§ ABOUT THIS TASK: Return, with both end lines included, exactly what the data below holds from the line with "Boss by Hugo Boss Herren Anzug, grau, Gr. 46" through the line with "Low price Amazon", though not the pictures.

§ INFORMATION GIVEN:
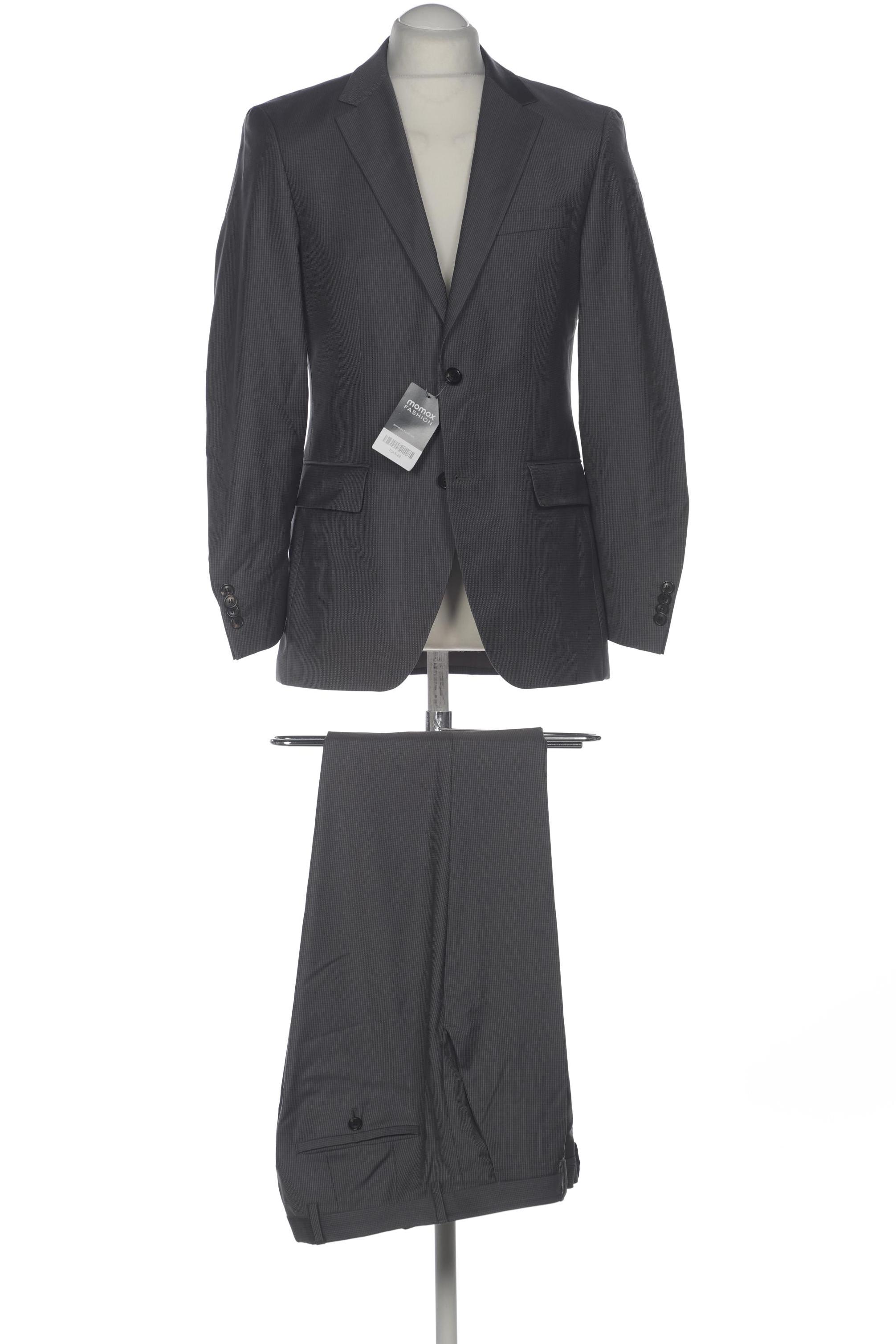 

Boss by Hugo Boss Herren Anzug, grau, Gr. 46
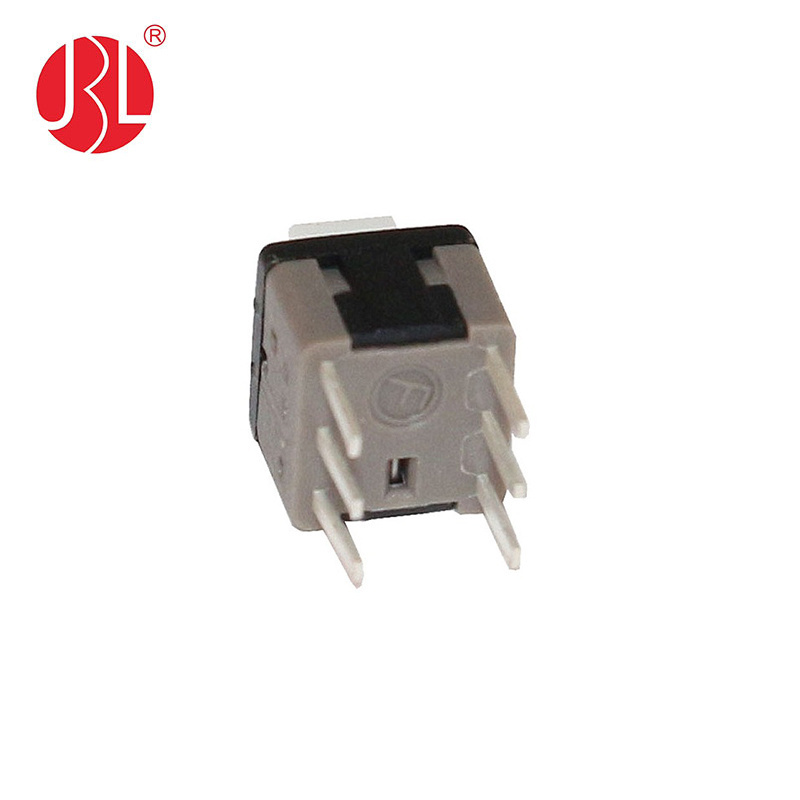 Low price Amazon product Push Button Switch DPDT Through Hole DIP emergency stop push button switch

* * *

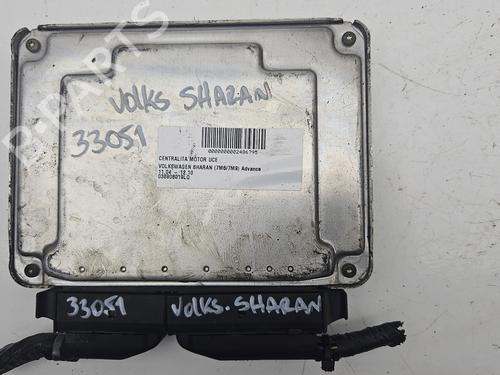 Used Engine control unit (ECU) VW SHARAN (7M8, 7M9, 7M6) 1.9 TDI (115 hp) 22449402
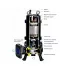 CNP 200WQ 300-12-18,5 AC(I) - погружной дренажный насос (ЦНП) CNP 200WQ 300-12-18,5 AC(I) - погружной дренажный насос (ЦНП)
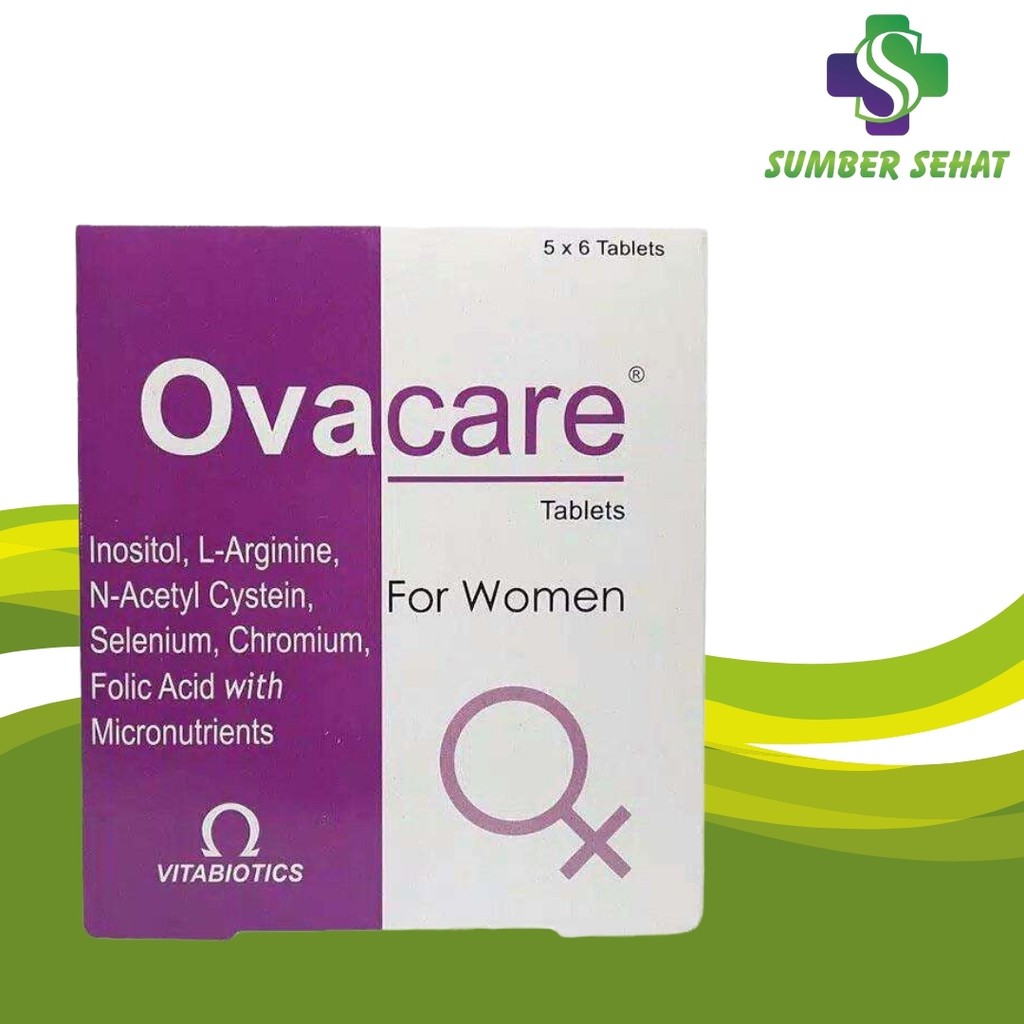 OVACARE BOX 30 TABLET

§ RESPONSE TO THE TASK:
Boss by Hugo Boss Herren Anzug, grau, Gr. 46
 Low price Amazon product Push Button Switch DPDT Through Hole DIP emergency stop push button switch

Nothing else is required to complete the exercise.